### To do
Below are the entries; give again exactly the lines from the one mentioning "Panoramic View Of Lammefjorden Feriehus" through the one mentioning "Vintage Sano Zon-rio", inclusive.

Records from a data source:
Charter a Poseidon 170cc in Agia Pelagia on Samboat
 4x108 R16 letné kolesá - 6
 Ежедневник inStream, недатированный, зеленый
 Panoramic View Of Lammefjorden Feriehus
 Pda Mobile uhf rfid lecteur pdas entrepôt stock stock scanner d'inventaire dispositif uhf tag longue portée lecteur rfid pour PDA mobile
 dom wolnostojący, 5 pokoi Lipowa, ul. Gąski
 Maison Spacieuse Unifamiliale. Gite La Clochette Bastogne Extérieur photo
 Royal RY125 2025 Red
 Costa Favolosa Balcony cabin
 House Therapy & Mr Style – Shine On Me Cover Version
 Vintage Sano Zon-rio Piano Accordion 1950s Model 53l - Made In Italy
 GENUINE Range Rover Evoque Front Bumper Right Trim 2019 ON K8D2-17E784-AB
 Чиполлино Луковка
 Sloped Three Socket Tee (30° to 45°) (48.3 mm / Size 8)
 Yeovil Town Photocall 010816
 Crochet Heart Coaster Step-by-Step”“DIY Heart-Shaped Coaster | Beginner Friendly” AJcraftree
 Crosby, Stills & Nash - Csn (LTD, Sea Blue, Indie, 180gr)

### Solution
 Panoramic View Of Lammefjorden Feriehus
 Pda Mobile uhf rfid lecteur pdas entrepôt stock stock scanner d'inventaire dispositif uhf tag longue portée lecteur rfid pour PDA mobile
 dom wolnostojący, 5 pokoi Lipowa, ul. Gąski
 Maison Spacieuse Unifamiliale. Gite La Clochette Bastogne Extérieur photo
 Royal RY125 2025 Red
 Costa Favolosa Balcony cabin
 House Therapy & Mr Style – Shine On Me Cover Version
 Vintage Sano Zon-rio Piano Accordion 1950s Model 53l - Made In Italy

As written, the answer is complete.